Es ist auch nicht jeder Hell's Angel oder Bandido ein Krimineller! Solche Klischees machen mich sauer. Ich persönlich war schon beim offenen Clubabend der Engel einfach mal ein Bierchen zischen. Da merkt man ganz schnell: Die Bären, die Typen, die am gefährlichsten aussehen, das sind die liebsten Menschen. Die laden dich zum Bier ein, mit denen kannst du dich über ganz gewöhnliche Dinge unterhalten. Das sind Bauarbeiter, aber auch Anwälte - vor allem: ganz normale Menschen.

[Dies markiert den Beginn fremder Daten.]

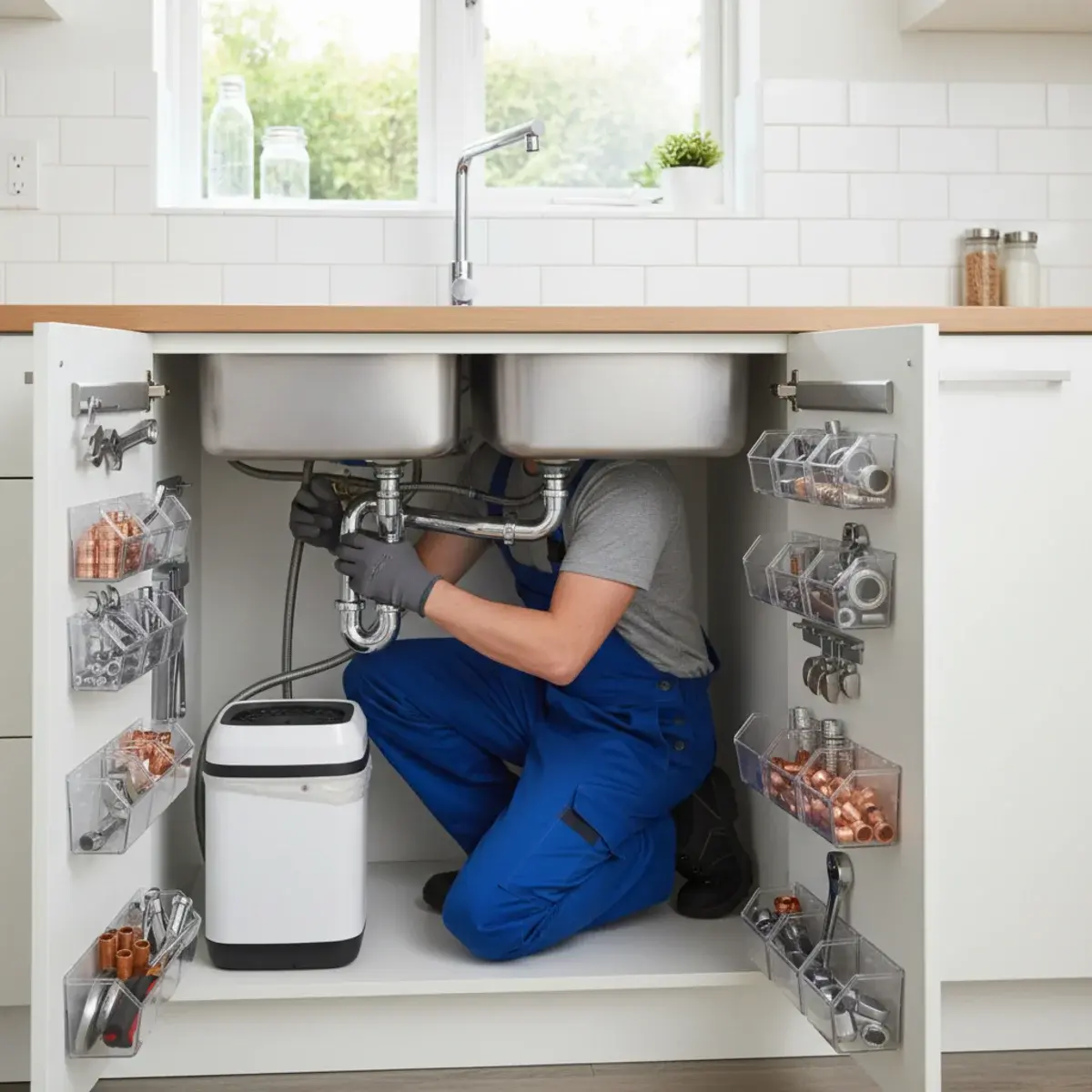 Kitchen Plumbing in San Bernardino, CA — professional local plumbing service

Wenn wir ein bisschen außerhalb unterwegs sind, wo man uns nicht kennt, kann es passieren, dass die Leute skeptisch reagieren. Ist ja auch verständlich, wenn wir von unseren schweren Maschinen steigen und unsere Lederkutten mit den Aufnähern tragen. Doch das ist kein Grund, sofort zu denken: "Oh, Rocker, Clubanhänger, kriminelles Milieu - da müssen wir vorsichtig sein!" In so einer Situation sind wir als Motorradfahrer gefragt: Wir sind sehr offen, gehen auf die Menschen zu. Wenn man mit den Menschen ins Gespräch kommt, verflüchtigt sich ihre Krampfhaltung meistens schnell.

Wenn Ihr verstehen wollt, woher meine Leidenschaft fürs Motorradfahren kommt, erkläre ich euch das am besten mit einer Szene aus der Biker-Serie Sons of Anarchy: Da fährt der Protagonist nachts alleine auf einer Landstraße, mit 120 Sachen, das Haar weht im Wind, er hat die Kippe im Mundwinkel stecken und sagt in etwa: "Es gibt diesen Moment, wenn dein Herz im Einklang mit dem Motorblock schlägt und du nur noch die Geräusche deines Auspuffs wahrnimmst - das ist Freiheit. Dann spürst du nur noch das Verlangen, zu fahren."

Und genauso ist es, beim Motorradfahren komme ich runter. Bei uns sagt man auch: Vier Räder bewegen den Körper, zwei Räder bewegen die Seele.